Son attrait pour l’écosystème urbain remonte à 1999, lorsqu’elle s’installe à New York pour étudier l’art à l’Institut Pratt. « J’étais fascinée par mon nouvel environnement, la ville, confie la quadragénaire. Dès mes premières interventions dans la rue, je me demandais comment mes dessins pouvaient interagir avec l’architecture, et plus j’y songeais, plus la notion d’espace prenait de l’importance. »
Pour rejouer ce contexte, chacune de ses excursions en galerie et musée se traduit par des œuvres en trois dimensions de façon à ce que « le corps puisse se mouvoir comme l’œil se balade à l’intérieur d’une toile. » Ces constructions conçues à partir de matériaux de récupération, fragiles et périssables, font à écho à sa philosophie de vie alternative.
Villes flottantes
Swoon, crinière de cuivre et tempérament d’acier, dégage d’emblée une énergie contagieuse. Aussi colossale que les projets artistiques et communautaires qu’elle a mis à flot. Elle a notamment marqué les esprits en construisant, avec les artivistes du collectif Toyshop, sept radeaux qui ont remonté le Mississipi (Miss Rockaway Armada, 2006), navigué sur l’Hudson (Swimming Cities of Switchback Sea, 2008), allant jusqu’à franchir la mer Adriatique depuis la Slovénie pour accoster à la Biennale de Venise où elle était invitée en 2009 (Swimming cities of Serenissima). Une flottille de bric et de broc, à mi-chemin entre performance et habitat autogéré, dont on retrouve quelques restes dans l’exposition parisienne.
Sans distinguo, elle met à sa créativité au service de différents modes d’expression et d’action. « Vivre sur des bateaux en était un, reconstruire des maisons dévastées en est un autre », assure celle qui a créé sa propre fondation humanitaire en 2015 : Héliotrope, impliquée dans plusieurs chantiers, notamment en Haïti, pour rebâtir un village en associant technique artisanale et moderne, et à Philadelphie, auprès de toxicomanes.“L’art s’apparente à une forme de guérison”
Un environnement qui ne lui est pas étranger. « Mes deux parents étaient accros à l’héroïne, comme beaucoup d’autres membres de ma famille. Malgré ma colère, j’ai fini par comprendre qu’ils cherchaient à faire taire une souffrance enfouie », explique la jeune femme, opposant les bienfaits de la thérapie à la pénalisation du système américain.
On comprend mieux dès lors pourquoi « l’art s’apparente à une forme de guérison », de catharsis.

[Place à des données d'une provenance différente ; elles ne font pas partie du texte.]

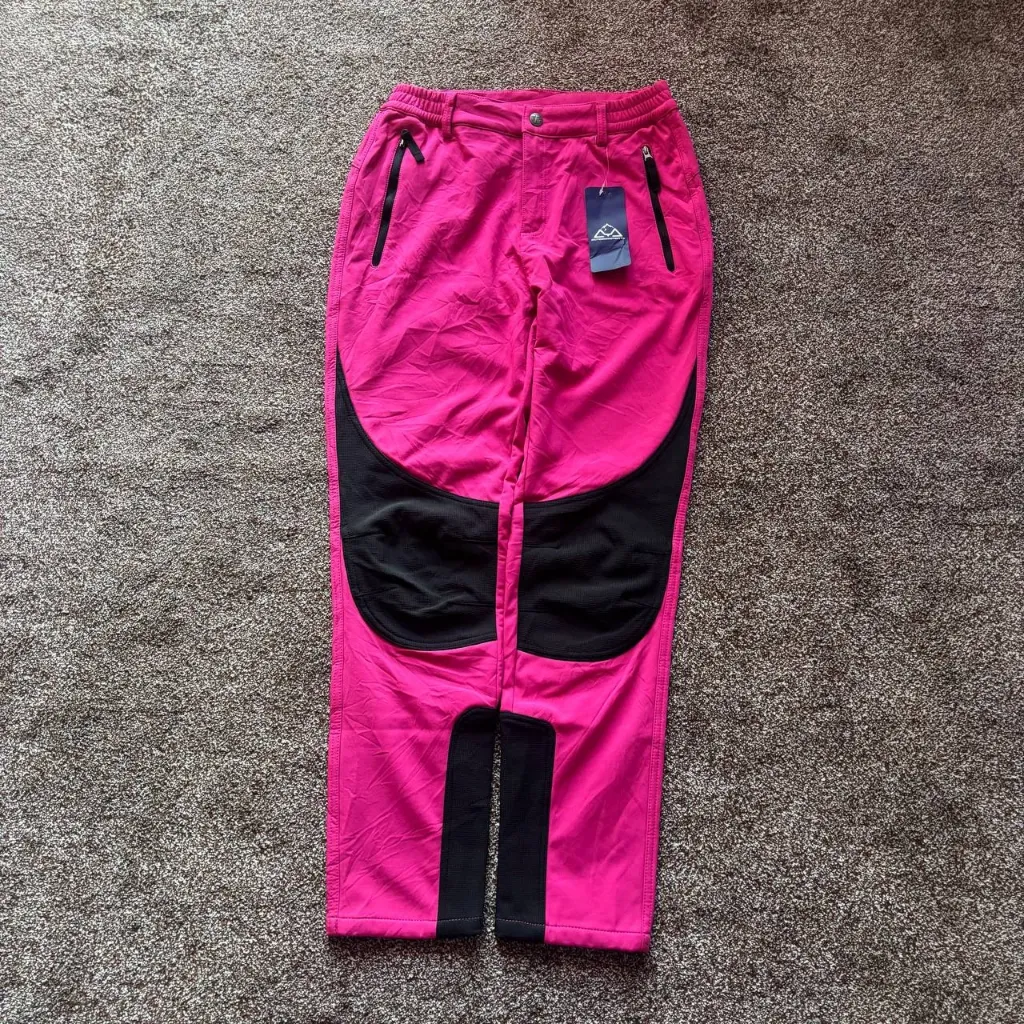 Outdoor Sports-30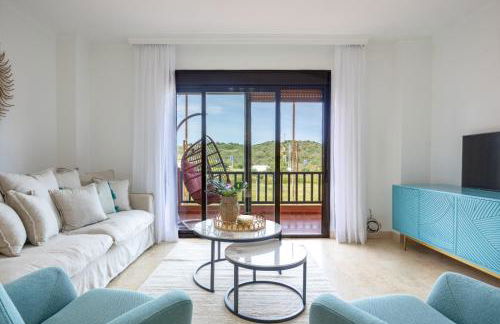 Increíble y Moderno apartamento Duplex con piscinas y preciosas vistas - Photo 9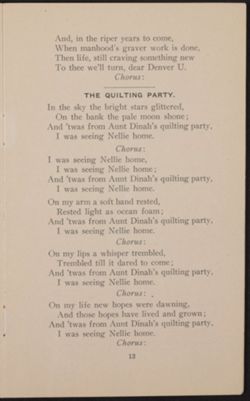 SK_HQ_Box 1_Scrapbook 1_018_07_15.jpg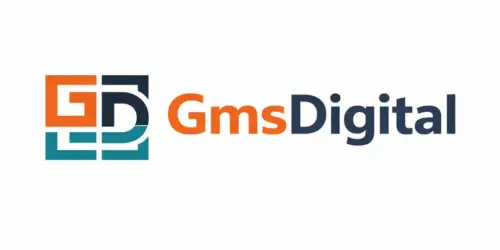 GmsDigital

Des grands désastres aux plaies intimes, il y a chez Swoon cette volonté d’endiguer, de rafistoler. D’embellir aussi. Un caractère flower power assumé, issu de l’héritage familial, tout comme son nom civil très woodstockien, Caledonia Dance Curry. Intuitive, elle décrit son processus créatif comme une suite de tâtonnements, largement guidé par le subconscient. Depuis un an, Swoon se consacre exclusivement à la vidéo en stop motion. « Pour le moment, j’ai besoin de solitude, d’obscurité, pour me sentir aussi ingénue qu’un enfant, un non-sachant, afin que quelque chose de nouveau puisse germer. »
A VOIR : Exposition Time Capsule, jusqu’au 22 septembre, centre d’art urbain Fluctuart, Port du Gros Caillou (7e). Entrée gratuite.